# Should I take him?



## emilycdimartino (Jul 2, 2013)

I have a three month old hedgie that I've had for about 2 weeks now. My problem is that sometime in August, my boyfriend wants me to visit him in New Jersey, 6 hours away. I don't know if I should take him with me and strap him in his carrier, take him and keep him in his cage in my back seat and strap that in or to leave him at home with my dad, who would have to clean him poopy wheel every morning. 
My boyfriend is fine with me bringing him, I am just worried about the drive down and what I would do with him there. But I also don't want to leave him be for a week. I know my dad would be fine feeding him and I can clean his cage before and after the trip, its just the wheel. Also he is quilling, so I don't know if he could handle the trip, but I don't want to leave him for a week in case he becomes more afraid of me.


----------



## verucacherry (Jun 18, 2013)

Have you ever taken him in for a ride in the car before? It would be best to know whether your hedgie could care less about being in a car, or if the road noise and such will stress him out, then you can make a decision based on that. My hedgehog is just now used to car rides, (as her vet is 90 miles away) and she is 1.5 yrs old.


----------



## emilycdimartino (Jul 2, 2013)

He is fine in the car. He just likes to poop in his carrier when he first gets in, which i clean and then he goes again, and then he cuddles up and falls asleep underneath the papertowel i put down to catch his poop.

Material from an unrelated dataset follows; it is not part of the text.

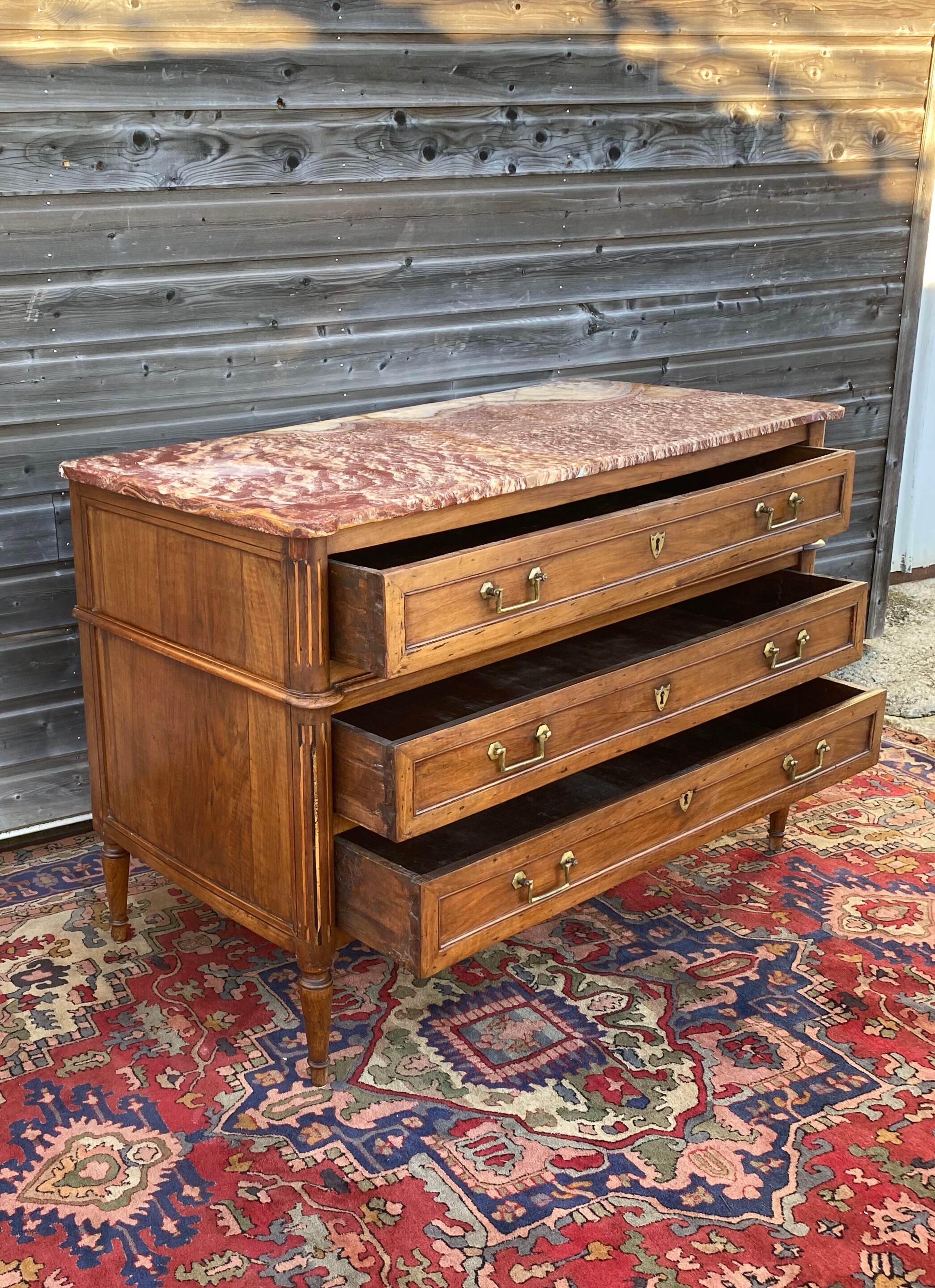 Chest of drawers In Walnut From the 18th century Louis XVII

But that is on the hour ride home. I feel like for 6 hours he wont sleep the whole time and he would be lying in piles of poop or that it might stress him out too much.


----------



## sklock65 (Jan 9, 2013)

I agree about knowing for sure if hedgie gets car sick. I've read some do but my hedgie is not one of those and would be fine. If you travel during the day I would assume hedgie would sleep the whole way. Just be sure to watch temp in the car/cage. Not sure where you are driving from but also just be careful of legality laws. For example I would not risk driving through Pennsylvania AT ALL. Also maybe just check into vets nearby to where your boyfriend lives just in case something happens when you're there. If all that stuff checks out I would think you'd be fine to bring him along.


----------



## JulieAnne (Sep 3, 2012)

I took my girls to Mississippi, which is an 8 hour car ride. I had the same decision to make. Leave them home with dad, or take them with me. My girls did fine in the car. Slept the whole way. I took pop up dog kennels for temporary cages when we got there and tons and tons of paper towels and bedding for the car. Ivy did poop a lot the first hour but then she settled in and relaxed.

It really depends on your hedgie. If you think he will be ok on the car ride, then take him but only you can know that.


----------